NOTE: The value of the variable 'finaldataset_loc' must be changed to file path of audio file dataset downloaded using 'autodownload_dtmftones.py' which is basically the folder named 'dataset' and has been provided.
- In order to train KNN classifier Model C using features computed from the above-mentioned code, ' KNN_classifier_without_DA_g_with_sh.m' MATLAB code is executed.The code trains the model and then prints the 5-fold stratified cross validation accuracy and then plots the confusion charts for Validation and Testing Accuracy.
- In order to test the model using real-world imitating augmented dataset, ' test_accuracy_augmented_data.m' MATLAB code is executed to feed the augmented testing dataset to the model and plot the resulting confusion chart.
NOTE: The value of the variable 'augmented_dataset_loc' must be changed to the file path of the augmented dataset folder which is basically the folder named 'augmented_dataset' and has been provided.
- The MATLAB codes named ' HelperComputeGoertzelFreq.m' and ' HelperTestKNNClassifier.m' are helper functions and do not need to be explicitly executed. They are automatically invoked from the main MATLAB codes mentioned above.
KNN Model D: (All files are inside 'KNN MODEL D' folder)
- In order to extract relevant features to train KNN Model D, ' data_prep_features_extract_with_da_mfcc.m' MATLAB code is executed.
NOTE: The value of the variable 'augmented_dataset_loc' must be changed to file path of augmented audio file dataset which is basically the folder named 'augmented_dataset' and has been provided.
- In order to train KNN classifier Model D using features computed from the above-mentioned code, ' KNN_classifier_with_DA_mfcc.m' MATLAB code is executed.The code trains the model and then prints the 5-fold stratified cross validation accuracy and then plots the confusion charts for Validation and Testing Accuracy.
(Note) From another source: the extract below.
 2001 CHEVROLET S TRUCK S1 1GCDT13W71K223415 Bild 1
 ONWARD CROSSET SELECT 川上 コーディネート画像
- The MATLAB codes named ' HelperComputePitchAndMFCC.m' and ' HelperTestKNNClassifier.m' are helper functions and do not need to be explicitly executed. They are automatically invoked from the main MATLAB codes mentioned above.
KNN Model E: (All files are inside 'KNN MODEL E' folder)
- In order to extract relevant features to train KNN Model E, ' data_prep_features_extract_with_da_g_without_sh.m' MATLAB code is executed.
NOTE: The value of the variable 'augmented_dataset_loc' must be changed to file path of augmented audio file dataset which is basically the folder named 'augmented_dataset' and has been provided.
- In order to train KNN classifier Model E using features computed from the above-mentioned code, ' KNN_classifier_with_DA_mfcc.m' MATLAB code is executed.The code trains the model and then prints the 5-fold stratified cross validation accuracy and then plots the confusion charts for Validation and Testing Accuracy.
- The MATLAB codes named ' HelperComputeGoertzelFreq.m' and ' HelperTestKNNClassifier.m' are helper functions and do not need to be explicitly executed. They are automatically invoked from the main MATLAB codes mentioned above.
KNN Model F: (All files are inside 'KNN MODEL F' folder)
- In order to extract relevant features to train KNN Model F, ' data_prep_features_extract_with_da_g_with_sh.m' MATLAB code is executed.
NOTE: The value of the variable 'augmented_dataset_loc' must be changed to file path of augmented audio file dataset which is basically the folder named 'augmented_dataset' and has been provided.
- In order to train KNN classifier Model F using features computed from the above-mentioned code, ' KNN_classifier_with_DA_g_with_sh.m' MATLAB code is executed.The code trains the model and then prints the 5-fold stratified cross validation accuracy and then plots the confusion charts for Validation and Testing Accuracy.
- The MATLAB codes named ' HelperComputeGoertzelFreq.m' and ' HelperTestKNNClassifier.m' are helper functions and do not need to be explicitly executed. They are automatically invoked from the main MATLAB codes mentioned above.